YOUR TASK –
Please produce an exact transcription of the lines from the one containing "银川代怀机构|第三代试管婴儿：西藏首例试管婴儿顺利诞生目前母婴身体状况" through the last line of the entries, leaving out every picture.
· · · · · · ·
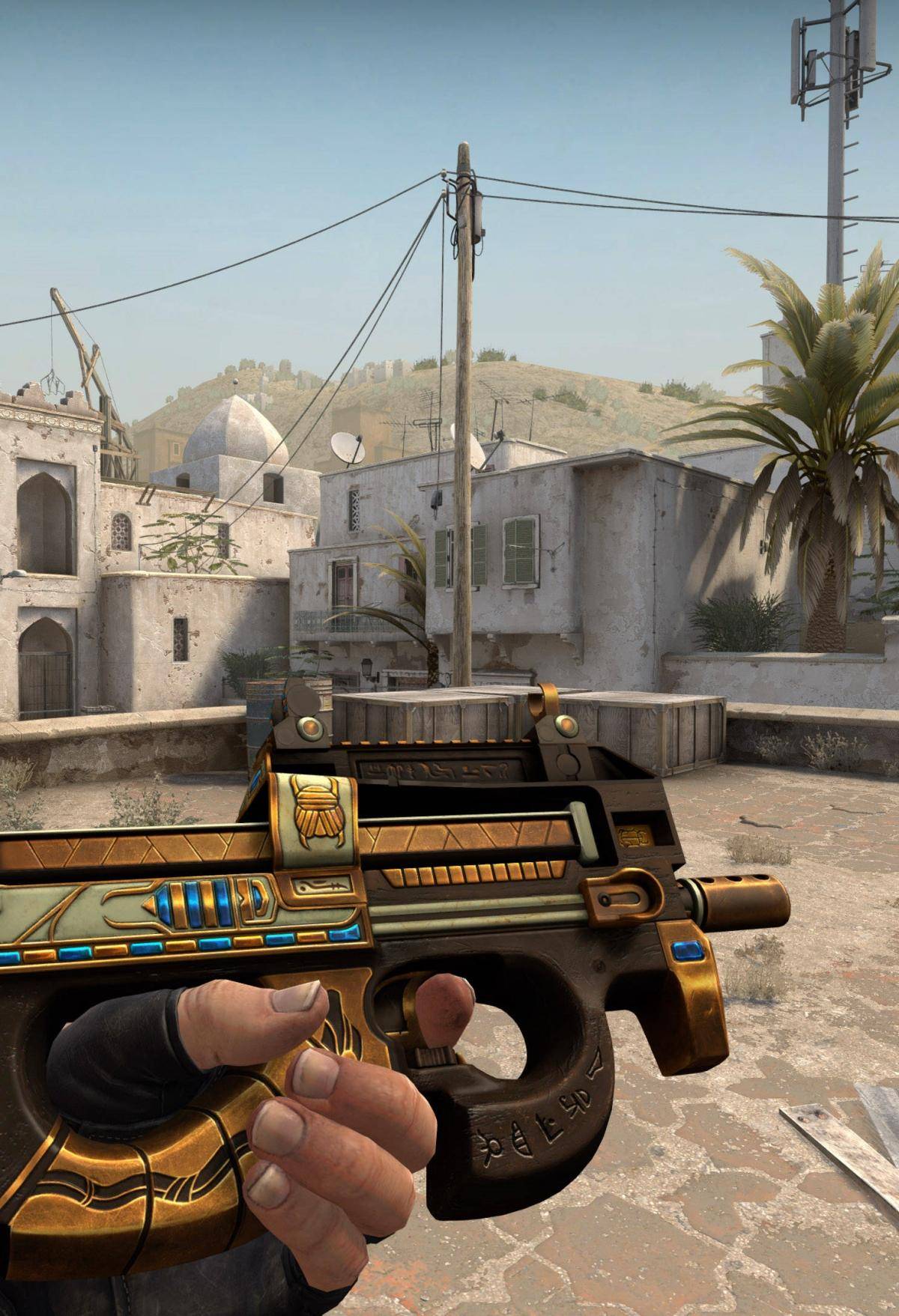 战略性的投 战略性的投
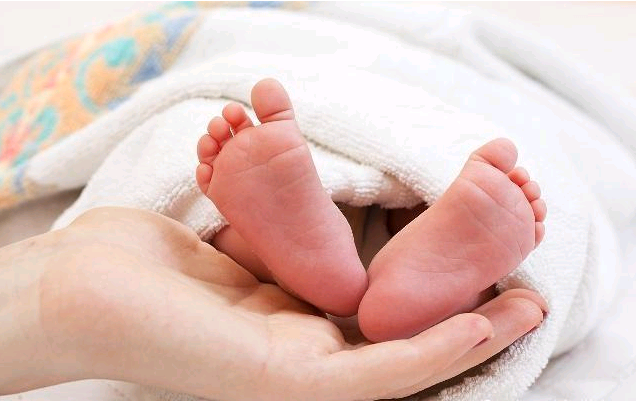 银川代怀机构|第三代试管婴儿：西藏首例试管婴儿顺利诞生目前母婴身体状况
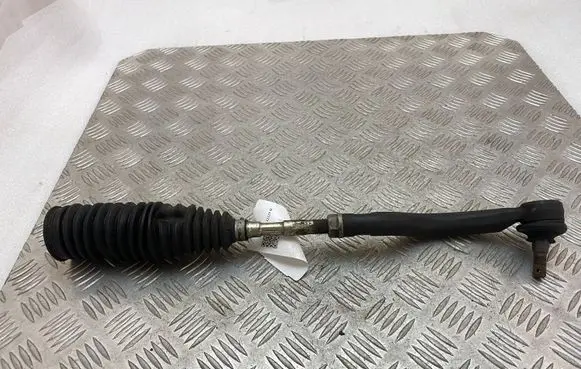 Lexus NX Steering tie rod 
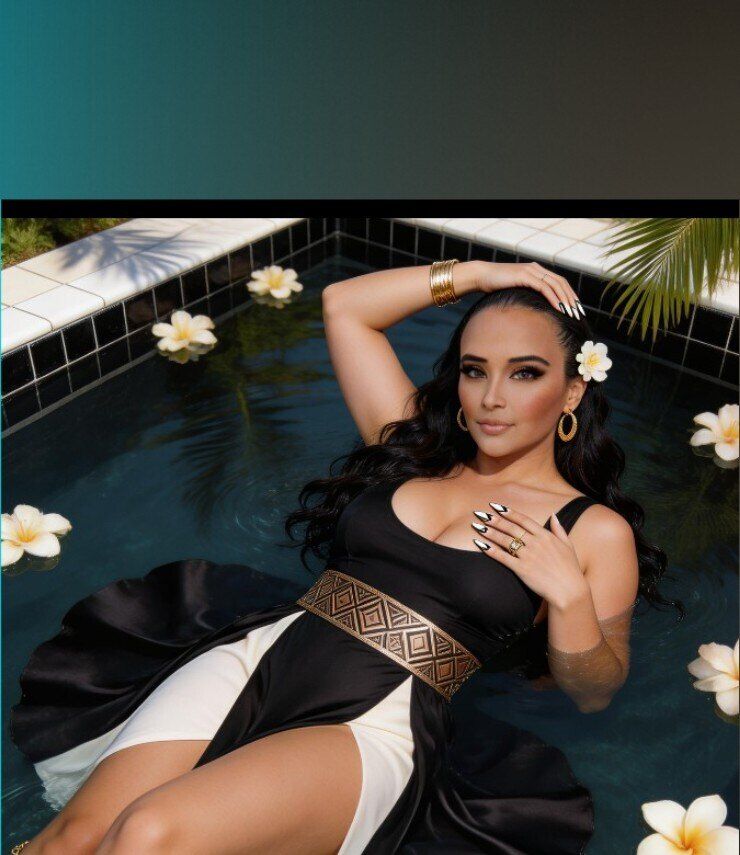 usweeetserenity69 OnlyFans profile picture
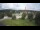 Webcam in Tettau (Baviera), 7.1 km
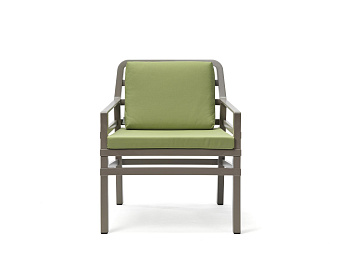 Кресло Aria Poltrona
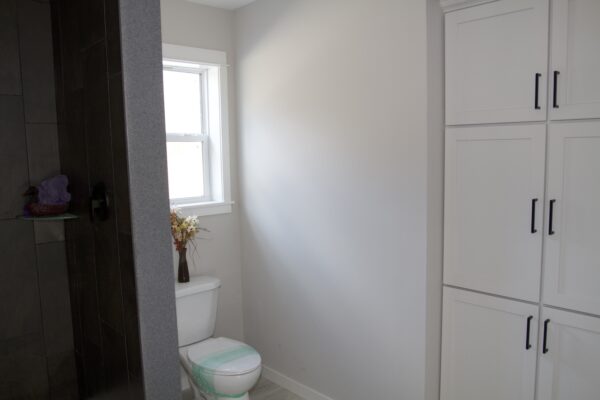 New Era Pinot Master Bath3 Prospect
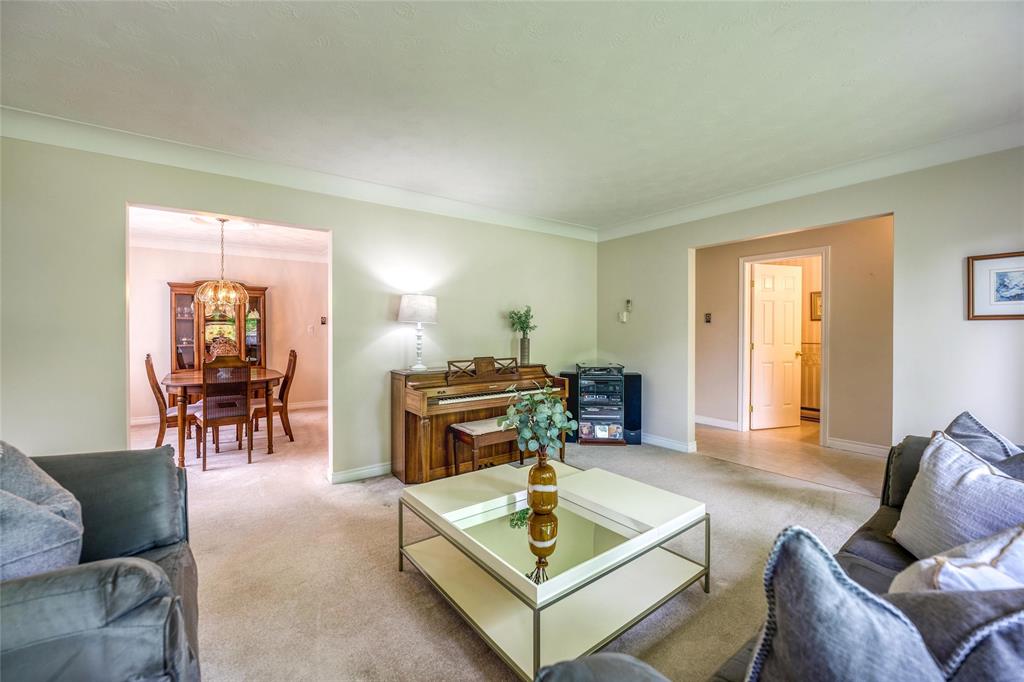 3245 DEVONSHIRE Road, Plympton-Wyoming, Ontario, Canada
· · · · · · ·
WRITTEN SOLUTION –
 银川代怀机构|第三代试管婴儿：西藏首例试管婴儿顺利诞生目前母婴身体状况
 Lexus NX Steering tie rod 
 usweeetserenity69 OnlyFans profile picture
 Webcam in Tettau (Baviera), 7.1 km
 Кресло Aria Poltrona
 New Era Pinot Master Bath3 Prospect
 3245 DEVONSHIRE Road, Plympton-Wyoming, Ontario, Canada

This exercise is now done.